If you don’t use some sort of escape sequence for characters like '\n', be careful that the operating system doesn’t mess up your string data. In particular, if you open a std::fstream without std::ios::binary, some operating systems translate end-of-line characters.
Another approach for string data is to prefix the string’s data with an integer length, e.g., to write "now is the time" as 15:now is the time. Note that this can make it hard for people to read/write the file, since the value just after that might not have a visible separator, but you still might find it useful.

Please remember that these are primitives that you will need to use in the other FAQs in this section.

How exactly do I read/write simple types in non-human-readable (“binary”) format?

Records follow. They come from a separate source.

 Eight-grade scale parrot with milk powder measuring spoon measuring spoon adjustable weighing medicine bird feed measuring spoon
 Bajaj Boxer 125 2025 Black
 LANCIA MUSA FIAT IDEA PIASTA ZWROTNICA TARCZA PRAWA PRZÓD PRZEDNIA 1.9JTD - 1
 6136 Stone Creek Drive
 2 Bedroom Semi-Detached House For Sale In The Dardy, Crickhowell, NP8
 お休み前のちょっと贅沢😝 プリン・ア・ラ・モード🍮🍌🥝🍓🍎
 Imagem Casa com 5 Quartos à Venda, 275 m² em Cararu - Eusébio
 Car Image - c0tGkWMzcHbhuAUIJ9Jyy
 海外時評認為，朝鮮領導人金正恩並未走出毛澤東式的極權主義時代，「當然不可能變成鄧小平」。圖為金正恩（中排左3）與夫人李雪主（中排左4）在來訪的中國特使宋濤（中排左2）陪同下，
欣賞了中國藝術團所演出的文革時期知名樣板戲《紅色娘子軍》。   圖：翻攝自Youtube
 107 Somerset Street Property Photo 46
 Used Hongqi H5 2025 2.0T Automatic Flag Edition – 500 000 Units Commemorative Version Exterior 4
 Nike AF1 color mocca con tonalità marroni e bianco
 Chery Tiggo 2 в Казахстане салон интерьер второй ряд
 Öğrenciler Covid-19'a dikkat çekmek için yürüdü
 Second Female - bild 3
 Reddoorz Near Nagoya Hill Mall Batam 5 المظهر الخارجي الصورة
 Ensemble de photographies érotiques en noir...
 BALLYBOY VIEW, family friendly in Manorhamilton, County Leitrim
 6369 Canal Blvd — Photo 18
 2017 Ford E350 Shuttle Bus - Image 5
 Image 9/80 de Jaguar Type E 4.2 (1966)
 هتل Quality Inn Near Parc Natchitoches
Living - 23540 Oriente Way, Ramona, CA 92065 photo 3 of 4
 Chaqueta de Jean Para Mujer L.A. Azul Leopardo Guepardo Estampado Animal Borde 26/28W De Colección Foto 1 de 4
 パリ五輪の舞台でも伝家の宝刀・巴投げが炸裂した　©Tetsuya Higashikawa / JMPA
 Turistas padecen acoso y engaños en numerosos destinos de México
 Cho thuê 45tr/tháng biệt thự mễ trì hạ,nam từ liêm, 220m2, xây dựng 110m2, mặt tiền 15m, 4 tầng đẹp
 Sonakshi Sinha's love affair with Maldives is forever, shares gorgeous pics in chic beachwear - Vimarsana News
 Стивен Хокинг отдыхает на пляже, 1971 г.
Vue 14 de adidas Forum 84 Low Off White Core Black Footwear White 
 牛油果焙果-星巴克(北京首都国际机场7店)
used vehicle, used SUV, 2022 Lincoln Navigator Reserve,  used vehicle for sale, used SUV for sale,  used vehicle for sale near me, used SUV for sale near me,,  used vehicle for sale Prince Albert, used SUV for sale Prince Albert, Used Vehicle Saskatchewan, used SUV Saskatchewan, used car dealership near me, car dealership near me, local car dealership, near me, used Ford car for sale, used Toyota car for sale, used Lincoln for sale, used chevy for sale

After you have made an eyes-open decision to use non-human-readable (“binary”) format, you should remember these keys:

Make sure you open the input and output streams using std::ios::binary. Do this even if you are on a Unix system since it’s easy to do, it documents your intent, and it’s one less non-portability to locate and change down the road.
You probably want to use iostream’s read() and write() methods instead of its >> and << operators. read() and write() are better for binary mode; >> and << are better for text mode.
If the binary data might get read by a different computer than the one that wrote it, be very careful about endian issues (little-endian vs. big-endian) and sizeof issues. The easiest way to handle this is to anoint one of those two formats as the official “network” format, and to create a header file that contains machine dependencies (I usually call it machine.h). That header should define inline functions like readNetworkInt(std::istream& istr) to read a “network int,” and so forth for reading and writing all the primitive types. You can define the format for these pretty much anyway you want. E.g., you might define a “network int” as exactly 32 bits in little endian format. In any case, the functions in machine.h will do any necessary endian conversions, sizeof conversions, etc. You’ll either end up with a different machine.h on each machine architecture, or you’ll end up with a lot of #ifdefs in your machine.h, but either way, all this ugliness will be buried in a single header, and all the rest of your code will be clean(er). Note: the floating point differences are the most subtle and tricky to handle. It can be done, but you’ll have to be careful with things like NaN, over- and under-flow, #bits in the mantissa or exponent, etc.
When space-cost is an issue, such as when you are storing the serialized form in a small memory device or sending it over a slow link, you can compress the stream and/or you can do some manual tricks. The simplest is to store small numbers in a smaller number of bytes. For example, to store an unsigned integer in a stream that has 8-bit bytes, you can hijack the 8th bit of each byte to indicate whether or not there is another byte. That means you get 7 meaningful bits/byte, so 0…127 fit in 1 byte, 128…16384 fit in 2 bytes, etc. If the average number is smaller than around half a billion, this will use less space than storing every four-byte unsigned number in four 8-bit bytes. There are lots of other variations on this theme, e.g., a sorted array of numbers can store the difference between each number, storing extremely small values in unary format, etc.
String data is tricky because you have to unambiguously know when the string’s body stops. You can’t unambiguously terminate all strings with a '\0' if some string might contain that character; recall that std::string can store '\0'. The easiest solution is to write the integer length just before the string data. Make sure the integer length is written in “network format” to avoid sizeof and endian problems (see the solutions in earlier bullets).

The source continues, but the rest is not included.